Intuitively, when we look for a word or want to say something the structures come to mind more or less instantaneously and reliably, often with subtle shades of meaning. Or so it seems. But ChatGPT notwithstanding, there is a substantial task here of finding appropriate words and parts of words and assembling them in a particular order at the tempo of everday speech, language and conscious thought. There is a large task of searching the lexicon. This drives the evolution of the framework here. This process of retrieval and assembly is universal across human languages, despite the obvious differences between them. Thus in English we say ‘a clever person’. And in German and Dutch, the equivalent words are sequenced the same way. But in French, Italian, and Welsh, part of the ordering is reversed. And that seems like a significant difference between two types of language. But by the framework here, these differences, and others far more extensive and much more difficult to teach to adult second language learners, are in fact quite superficial. Underlyingly there is a universal notion corresponding to what is said in English as a clever person. It just surfaces differently according to comparatively minor language particulars.

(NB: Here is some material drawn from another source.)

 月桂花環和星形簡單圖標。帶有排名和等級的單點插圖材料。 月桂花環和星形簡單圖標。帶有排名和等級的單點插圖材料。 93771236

Sometimes this process of retrieval and assembly breaks down, and we can’t thing of a particular word or name. It is on the ‘tip of the tongue’. Or we can’t find the right way of saying what we want to say. Or the small child wants to make some deep observation, seemingly beyond his or her years, and it comes out with one or more grammatical defects. Or the older child with a developmental language defect struggles to articulate some insight in a way which can be clearly and reliably understood. Or the normally competent speaker confuses two or more elements of a chosen word.
But by and large the human faculty of language is remarkable for its everyday robustness and reliability, rather than its failures or the period of around ten years during which speech and language are normally being acquired. This robustness and reliability depend on the simplicity of the underlying code, in the sense of machine code in software. At the moment our best way of stating this is by an algebra. It represents a deep and powerful general resource for human cognition.
As well as allowing the development of human language, the recursive property given by this algebra can be, and is, usefully applied to all branches of mathematics, including arithmetic and the way we count.